U.S. lawmakers are quietly debating an important piece of legislation that greatly affects meals for schools.
The legislation in question is part of a 2010 school nutrition bill as part of the once-every-five-years bill that sets the budget and rules for school meals. The specific part in question affects schools and students that are currently eligible for free or discounted meal programs, as well as the overall budget for the meals.
Currently the bill provides free lunches and after-school meals to every student enrolled in a public school where at least 40 percent of its student body live in low-income households. Now the House Education and Workforce Committee want the law changes so that only schools who have 60% of students living at or near the poverty line will qualify. The bill also requires cafeterias to serve healthier foods – more fruits, vegetables, and whole grains and less junk food.
Lunch programs as they are now already receive meager funding.

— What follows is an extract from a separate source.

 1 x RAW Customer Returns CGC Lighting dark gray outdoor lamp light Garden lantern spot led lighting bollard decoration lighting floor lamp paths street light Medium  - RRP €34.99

The $13 billion allocated to them equals out to just over a dollar per meal for cafeteria administrators to spend on ingredients.
Changing the law now would provide even less funding, would remove eligibility for over 7,000 schools and 3.4 million students, and would create additional burdens of paperwork and administration work.
Luckily, the original act passed in 2010, the Healthy Hunger-Free Kids Act, was heavily supported by first lady Michelle Obama, so any cutbacks would most likely be vetoed by President Obama.